Chris Stratton has a 1.72 ERA since being acquired with Montgomery from St. Louis at the deadline but has been slotted to throw the middle innings when starters don’t go deep enough. (It could be because his peripherals suggest that ERA should be closer to 4.00.) A year after being Texas’ best reliever, Brock Burke is being used in a similar role, or in losing situations in the later innings. Martin Perez has only been used in mop-up duty since being demoted to the bullpen after the club acquired Montgomery before the trade deadline.
Heaney could join him if the injured Nathan Eovaldi returns to the rotation. More innings from starters could mask the stench of the open sewage pipe that is the Texas bullpen. This might be the only fix on the horizon.

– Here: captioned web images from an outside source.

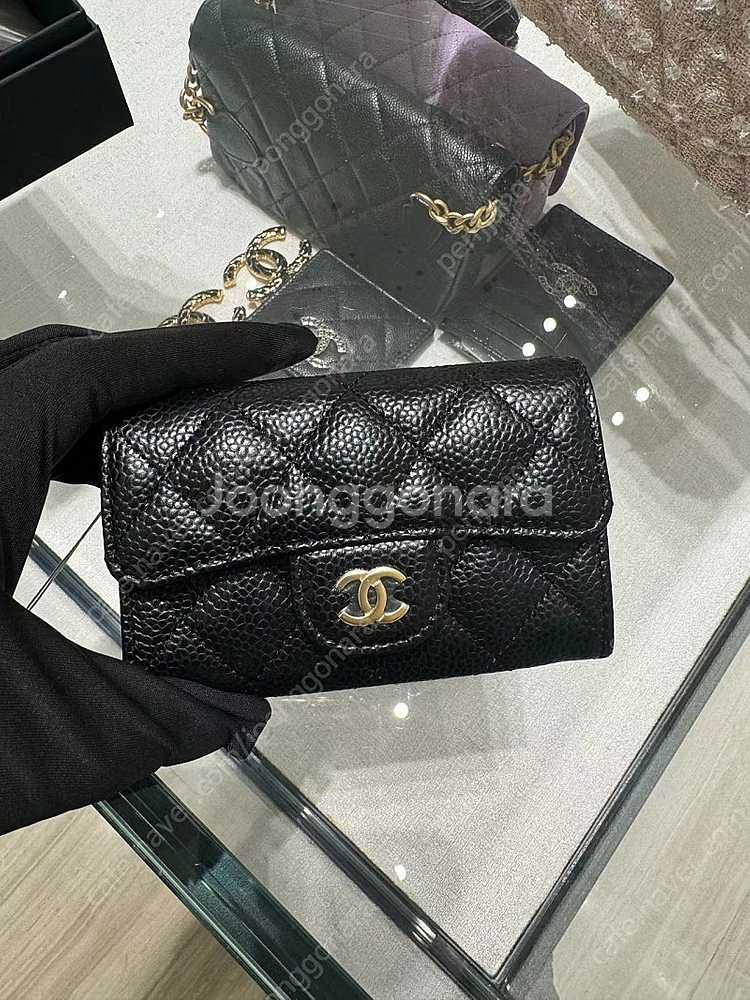 (6/8구매) 샤넬 클래식 카드 지갑 홀더 그레인드 카프스킨&골드--2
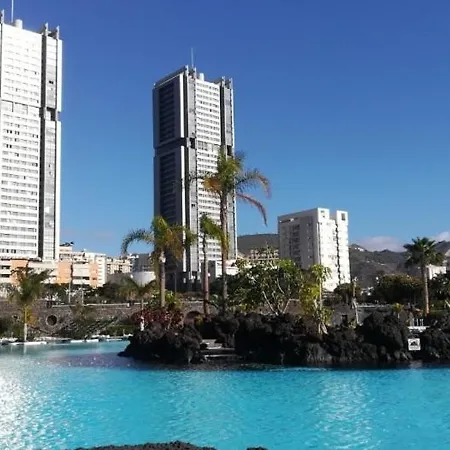 Cruz * Santa Cruz de Tenerife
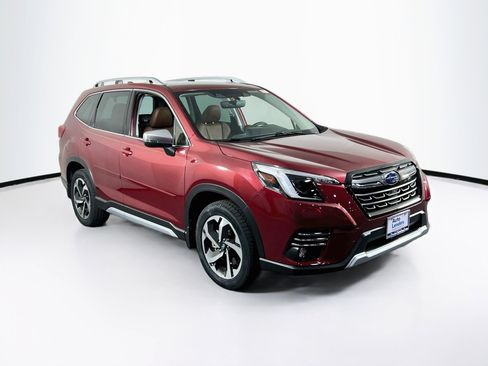 Used 2023 Subaru Forester Touring AWD/4WD image 3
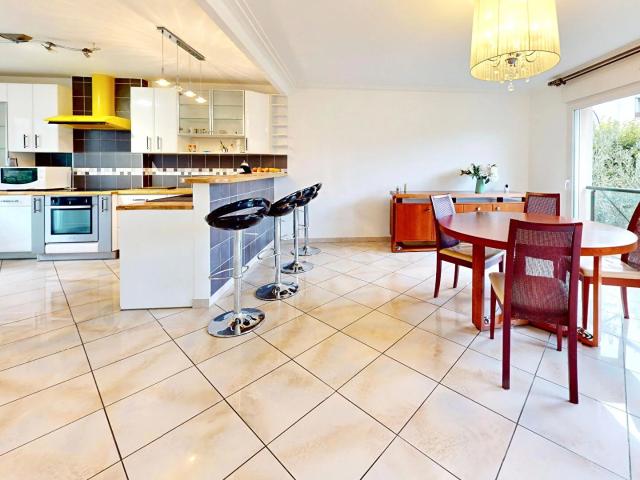 Maison familiale à La Garenne Colombes limite Courbevoie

Another way to cover for a bad bullpen is for the offense to return to the prolific levels we saw over the first two months of the season. During the losing streak, the bats haven’t cashed in as often with runners in scoring position: the Rangers are hitting a putrid .224 as a team. We are seeing the impact of All-Star rookie third baseman Josh Jung being out with a broken thumb. It also seems the club rushed All-Star catcher Jonah Heim back from his wrist injury. While he’s still fine as a receiver behind the plate, the torn tendon sheath in his left wrist has limited him to hitting only from the left side and has zapped his power. Since returning on August 13, Heim is 2 for 26 with no extra-base hits.
Let’s say the bats come around. (There are recent signs of hope, with 34 hits and 11 extra-base hits over the past four games.) Let’s also say the rotation regains the level of consistency we saw the first week-plus of August. Would that be enough to fend off the reigning World Series champs and a playoff team from a year ago that also happens to be the hottest team in baseball?
The Astros aren’t the juggernaut they were in 2022, but their offense has improved after a slowish start to the season, and reacquiring Justin Verlander at the trade deadline makes them a legit contender to repeat as champs. FanGraphs still has the Astros with the highest chance to win the World Series among American League teams, at 10.8 percent. The Rangers check in at 3.9 percent, behind even the Mariners, at 5.4 percent.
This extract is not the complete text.